How many times have you heard (or said), “I’m so blessed …”? Usually, the rest of the sentence is something along the lines of “…to have such a great family” or “…to have a great job” or “…to have such a nice house (or car or boat or cabin or…)” or “…to have my health”, or similar statements. It all falls into the mental category of “being blessed by God”, or at least that’s what we think. But are having those THINGS (for that’s what each is) really God’s blessings? If they are, then what does it mean when you don’t have those things? What if you lose your job? What if you lose your health? Your house? Does that imply that you are somehow outside of God’s blessings? What about people in third world countries who live in a hut with dirt floors and no electricity and have to walk a mile to get water? Are they not blessed by God? What exactly are God’s blessings?

First, let’s look at the definition of ‘blessed.’

  • Dictionary.com –
    • Divinely or supremely favored
    • fortunate
  • Merriam-Webster
    • Having a sacred nature
    • connected with God
    • very welcome, pleasant or appreciated
  • TheFreeDictionary.com –
    • made holy by religious ceremony; consecrated
    • worthy of deep reverence or respect
    • characterized by happiness or good fortune

Notice that there are basically two different ways to view being blessed: fortunate (lucky) or somehow connected with God (sacred/divine). I would argue that most of the time when Christians say “I’m so blessed…” they think they are referring to the divine/sacred type of blessing, but in reality, they’re just lucky.
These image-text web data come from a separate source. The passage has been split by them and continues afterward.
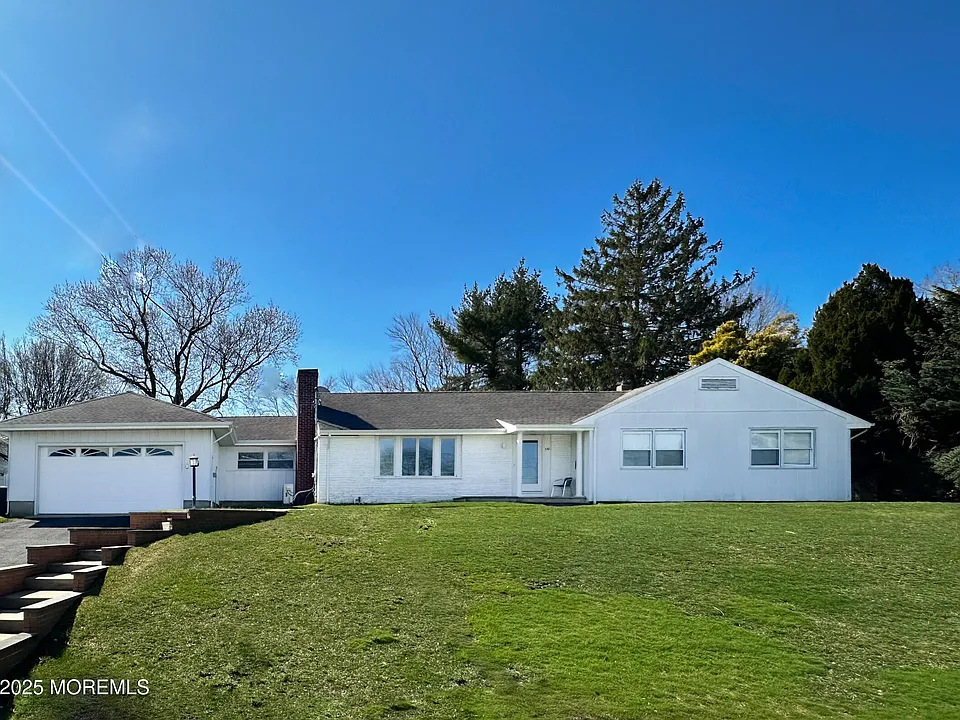 330 Highland Ave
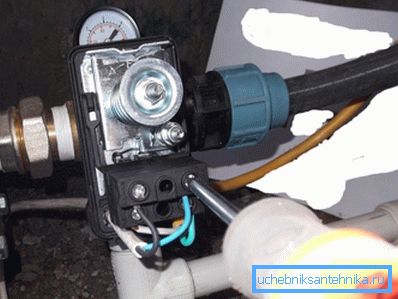 Elektrické připojení k regulátoru tlaku.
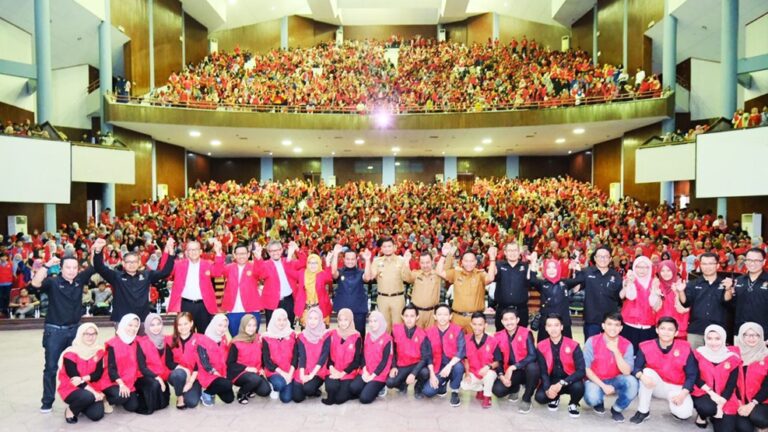 Wagub Sulsel - Rektor Unhas, Lepas Mahasiswa KKN 7 Wagub Sulsel - Rektor Unhas, Lepas Mahasiswa KKN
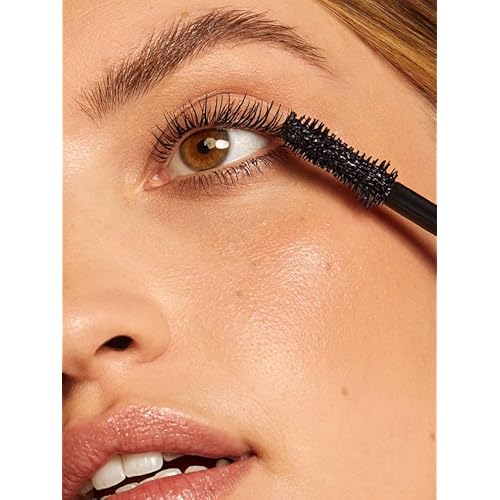 ILIA - Fullest Volumizing Mascara | Weightless, Buildable, Smudge + Flake-Free, Sensitive Eyes Safe | Full, Thick, Healthier Lashes | Non-Toxic, Vegan, Cruelty-Free (Travel Size Mini, 0.13 oz | 4 ml)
So, let’s see what the Bible says about being blessed. First, let’s look at some Old Testament verses:

Psalm 1:1 – Blessed is the one who does not walk in step with the wicked or stand in the way that sinners take or sit in the company of mockers [NIV]

Psalm 32:1 – Blessed is the one whose transgressions are forgiven, whose sins are covered. [NIV]

Psalm 40:4 – Blessed is the one who trusts in the LORD, who does not look to the proud, to those who turn aside to false gods. [NIV]

Psalm 127:4-5 – Like arrows in the hand of a warrior, So are the children of one’s youth. How blessed is the man whose quiver is full of them; [NIV]

Psalm 146:5 – Blessed are those whose help is the God of Jacob, whose hope is in the LORD their God. [NIV]

Jeremiah 17:7 – But blessed is the one who trusts in the LORD, whose confidence is in him. [NIV]

The New Living Translation uses “how joyous” or “how joyful” instead of the word “blessed”, and other translations use “happy” or even “lucky”. Clearly, the meaning here is one of being in a positive emotional state, which arises from the actions each verse describes. And all these verses, except Psalm 127, describe a relationship with God – not hanging out with ungodly people; trusting God; having hope in God; being forgiven by God. Clearly, God’s blessings come from relationship with Him, and not from what we think He’s given us (good job, nice home, loving spouse). So, to be blessed means you are happy or joyous because you are in relationship with God– not that you have some tangible thing or things. Only Psalm 127 connects this state of well-being with having some thing – in this case, children. And in the context of the era, it was critical for a man to have many children, since many died before reaching adulthood, in those days. All of the other verses are clearly about being joyous because of our relationship with God, and describe this as ‘being blessed.’ Is this what we generally think of when we say we’re “blessed by God”? I don’t think so.

So, what does the New Testament say about being blessed? Probably the most famous scripture about blessings is The Sermon on the Mount, where we find the Beatitudes, found in Matthew 5:3-10. Here it is, in The Message version:

“You’re blessed when you’re at the end of your rope. With less of you there is more of God and his rule.

“You’re blessed when you feel you’ve lost what is most dear to you. Only then can you be embraced by the One most dear to you.

“You’re blessed when you’re content with just who you are—no more, no less. That’s the moment you find yourselves proud owners of everything that can’t be bought.

“You’re blessed when you’ve worked up a good appetite for God. He’s food and drink in the best meal you’ll ever eat.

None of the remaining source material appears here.